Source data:
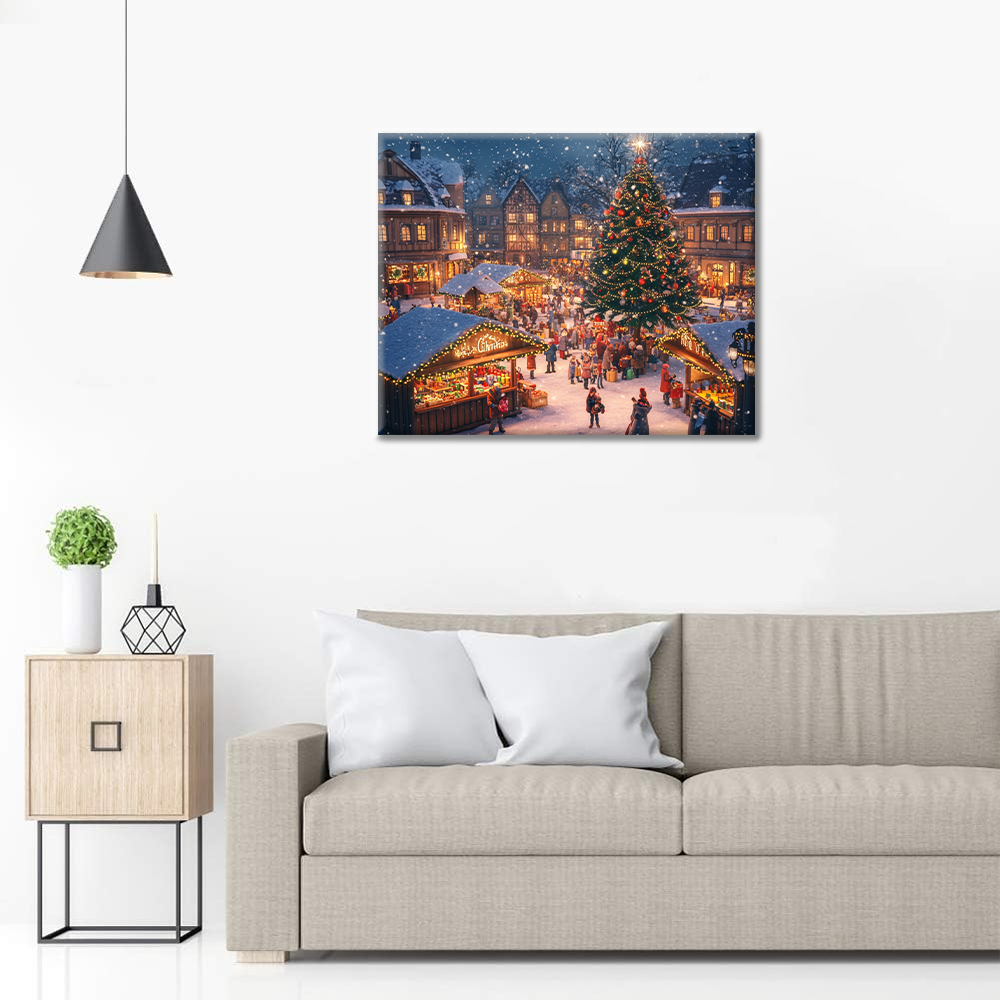 Kerststad – Schilderen op nummer
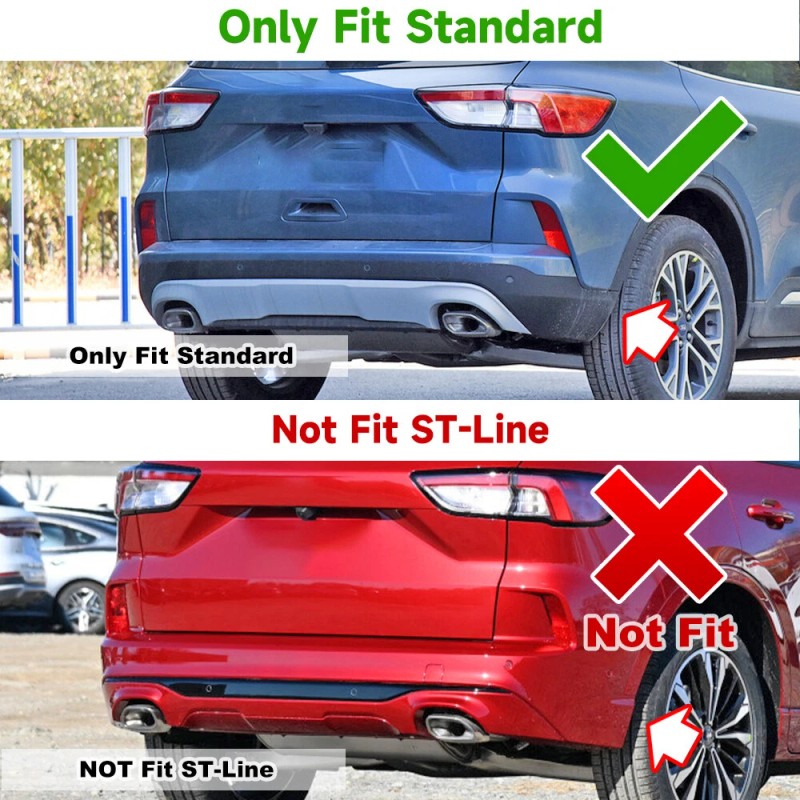 LUC 4X Protective Fender Flares Mud Flaps Splash Mudguards For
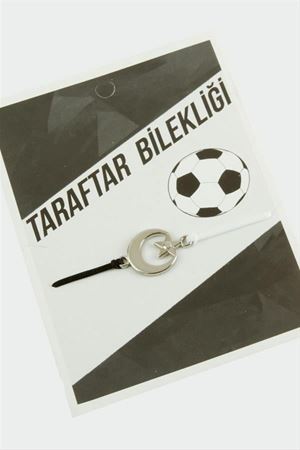 Taraftar İp Bileklik - Siyah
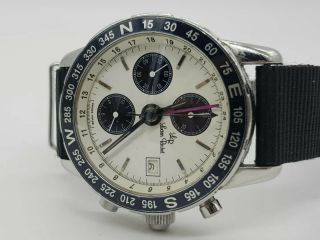 Lucien Rochat Vintage Chrono Valjoux 7750 Gmt Diver 100mt 41mm Of Serviced Watch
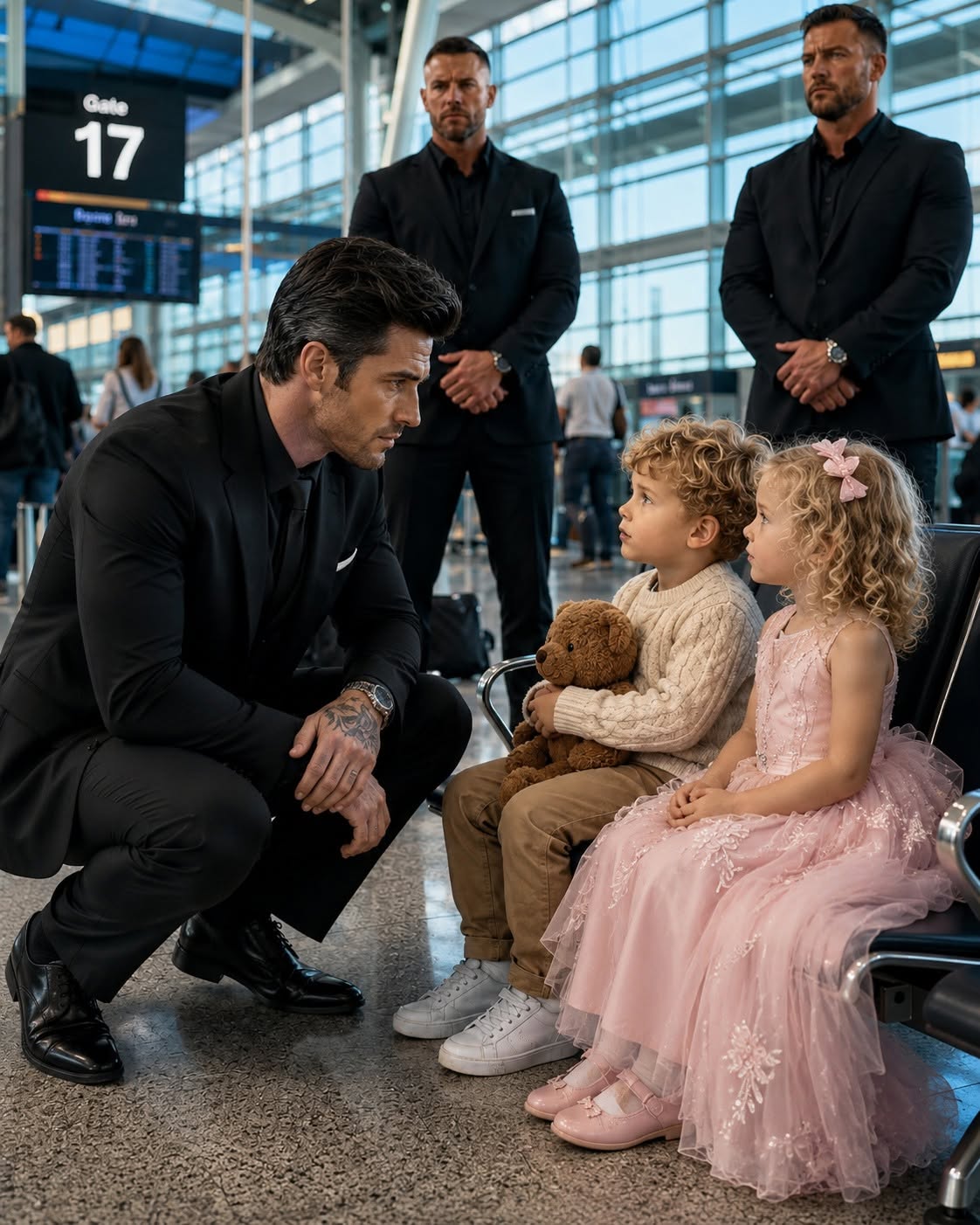 I watched a woman abandon two five-year-old twins at O’Hare Airport without a hug, without a goodbye, and without looking back even once.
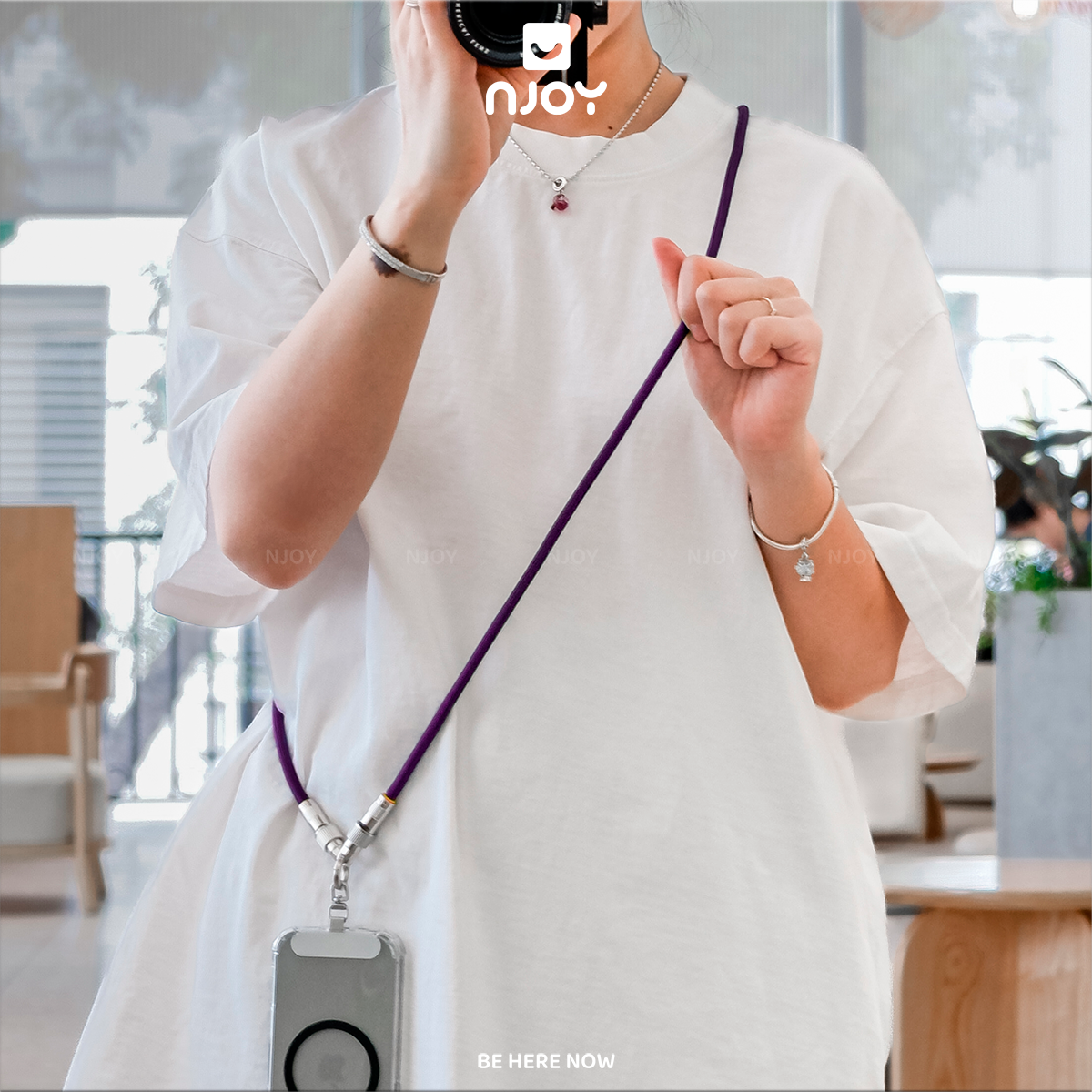 Dây Đeo Điện Thoại Kiêm Cáp Sạc Nhanh Type C To C Tiện Lợi Cho iPhone Samsung iPad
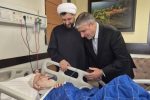 عیادت رئیس سازمان انرژی اتمی از آیت‌الله العظمی نوری همدانی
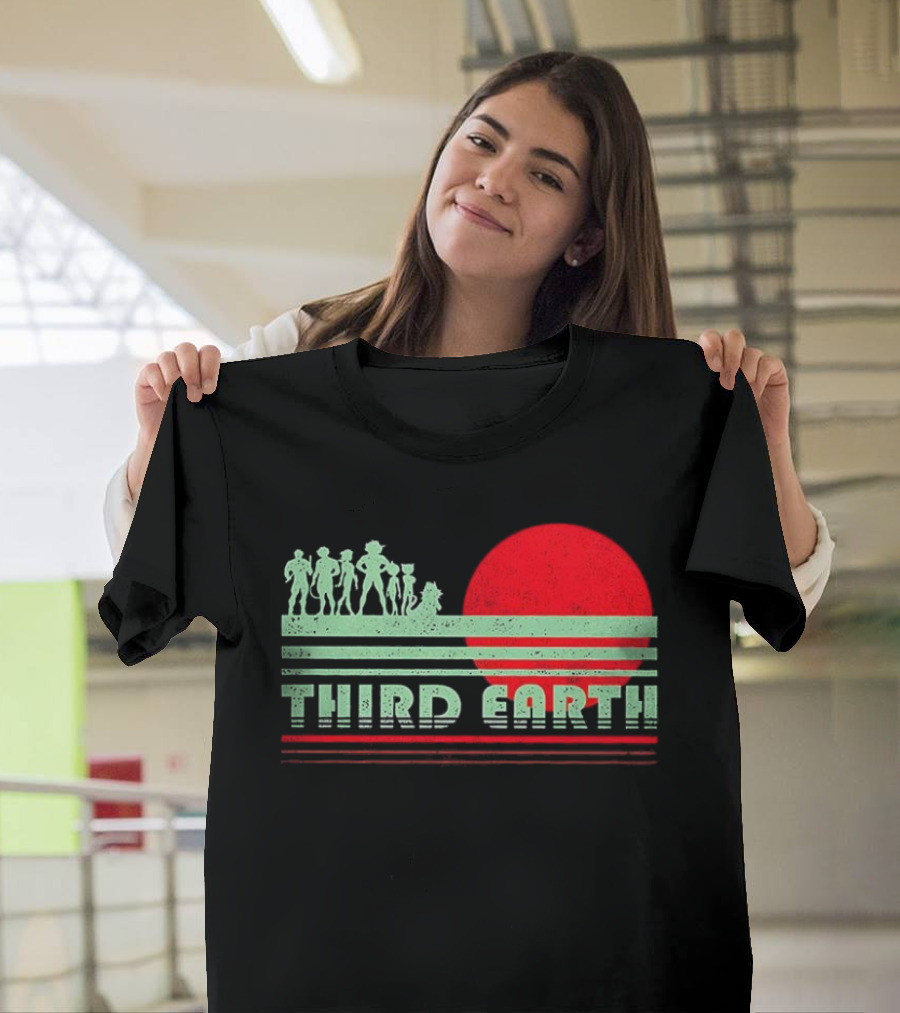 Third Earth Retro Fantasy Sunset Iconic Group T-Shirt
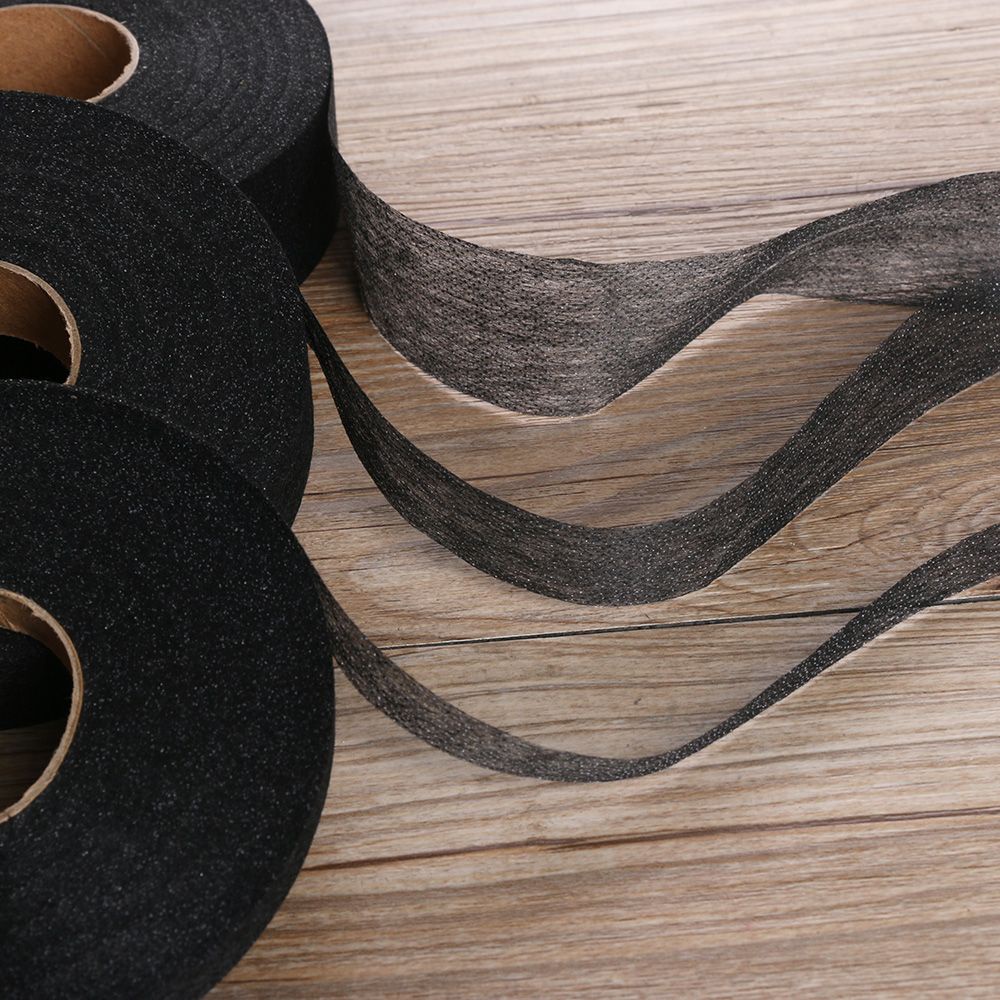 🌟YEW🌟 1cm/2cm/3cm  100meters New adhesive fabric web  hem tape sewing roll iron on DIY craft clothes  apparel Interlining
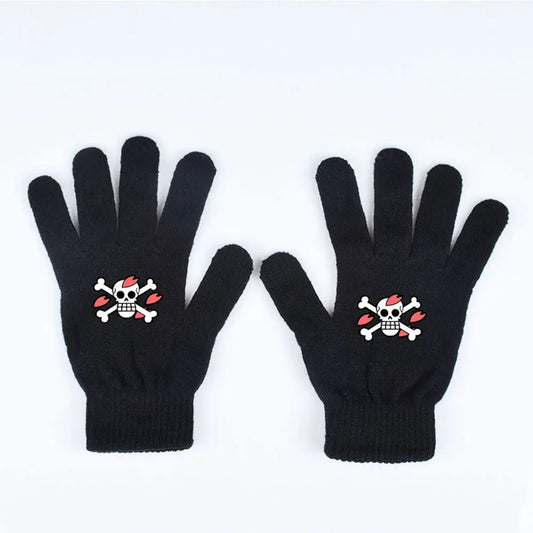 Gants One Piece – Skull Pirate Rouge Dents
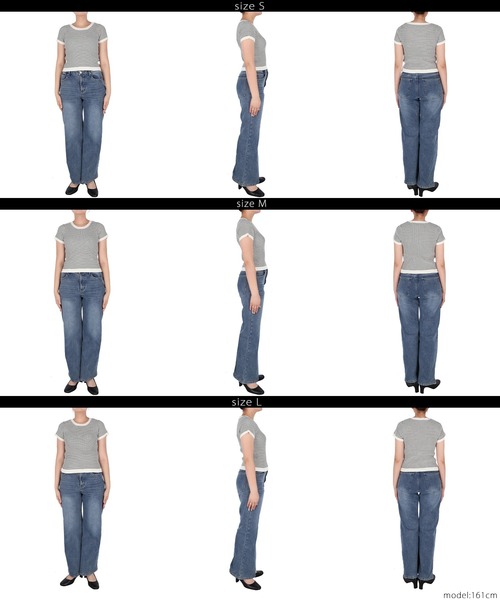coca(coca)(コカ)の「【WEB限定セール】ボーダーコンパクトニットトップス(ニット/セーター・レディース・グレー/ブラック・L/S/M)」の15枚目の写真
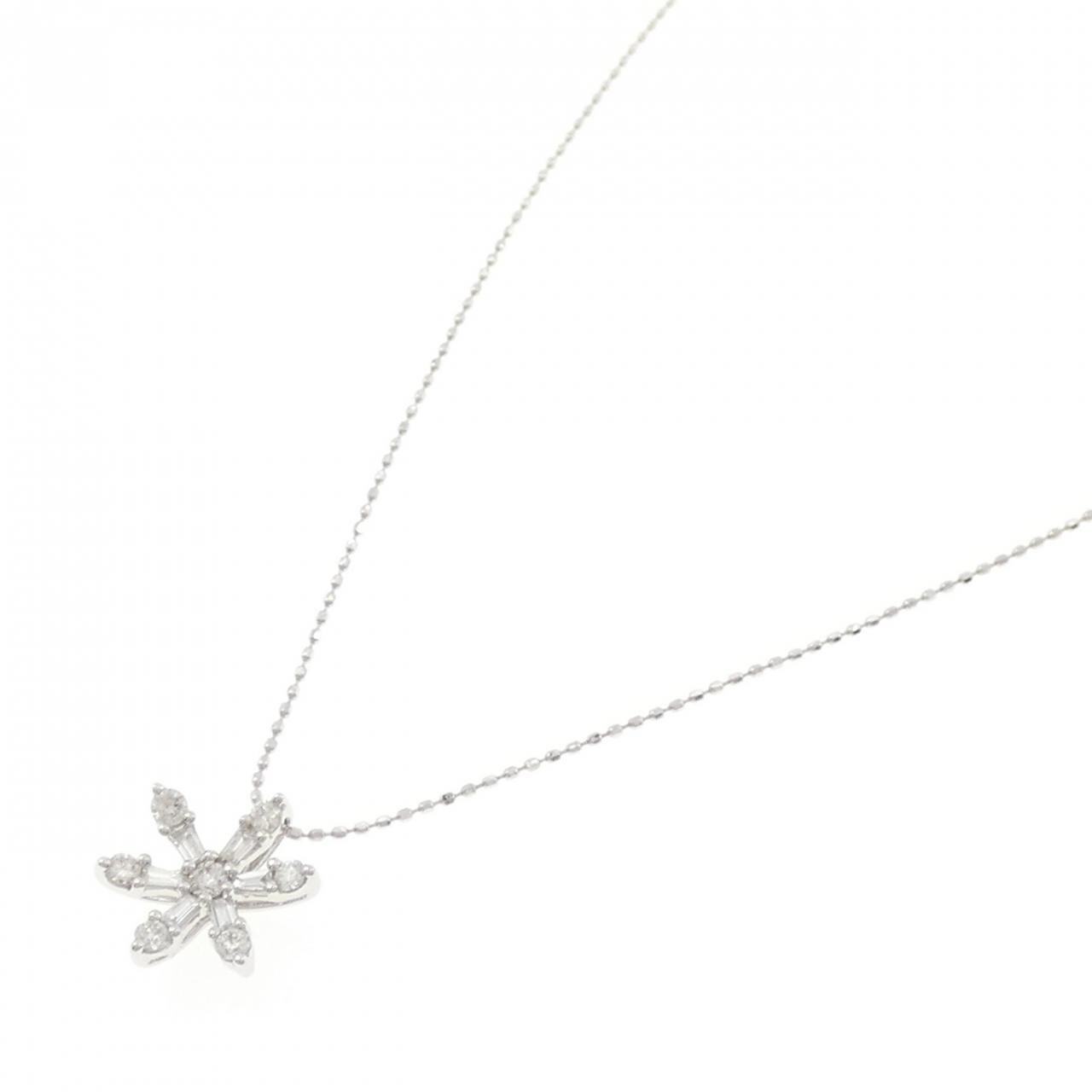 K18WG ダイヤモンド ネックレス 0.30CT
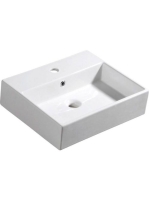 Sapho Isvea Purity kerámia mosdó, 50x42 cm, fehér 10PL50050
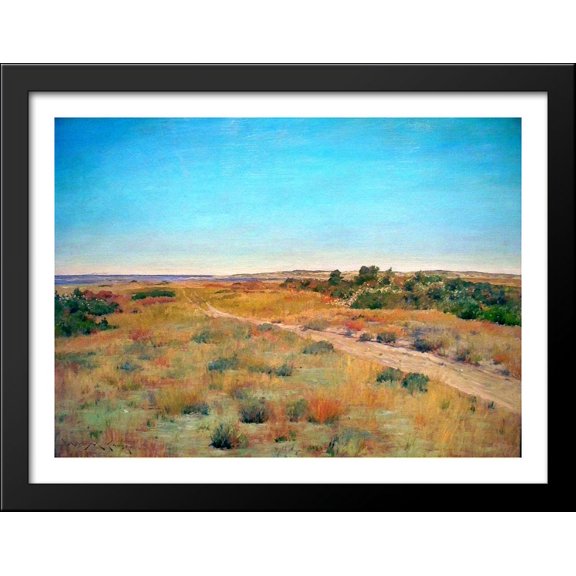 First Touch of Autumn 36x28 Large Black Wood Framed Print Art by William Merritt Chase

What is being asked
Give the entries above again, exactly as written and free of images.

Task solution
 Kerststad – Schilderen op nummer
 LUC 4X Protective Fender Flares Mud Flaps Splash Mudguards For
 Taraftar İp Bileklik - Siyah
 Lucien Rochat Vintage Chrono Valjoux 7750 Gmt Diver 100mt 41mm Of Serviced Watch
 I watched a woman abandon two five-year-old twins at O’Hare Airport without a hug, without a goodbye, and without looking back even once.
 Dây Đeo Điện Thoại Kiêm Cáp Sạc Nhanh Type C To C Tiện Lợi Cho iPhone Samsung iPad
 عیادت رئیس سازمان انرژی اتمی از آیت‌الله العظمی نوری همدانی
 Third Earth Retro Fantasy Sunset Iconic Group T-Shirt
 🌟YEW🌟 1cm/2cm/3cm  100meters New adhesive fabric web  hem tape sewing roll iron on DIY craft clothes  apparel Interlining
 Gants One Piece – Skull Pirate Rouge Dents
coca(coca)(コカ)の「【WEB限定セール】ボーダーコンパクトニットトップス(ニット/セーター・レディース・グレー/ブラック・L/S/M)」の15枚目の写真
 K18WG ダイヤモンド ネックレス 0.30CT
 Sapho Isvea Purity kerámia mosdó, 50x42 cm, fehér 10PL50050
 First Touch of Autumn 36x28 Large Black Wood Framed Print Art by William Merritt Chase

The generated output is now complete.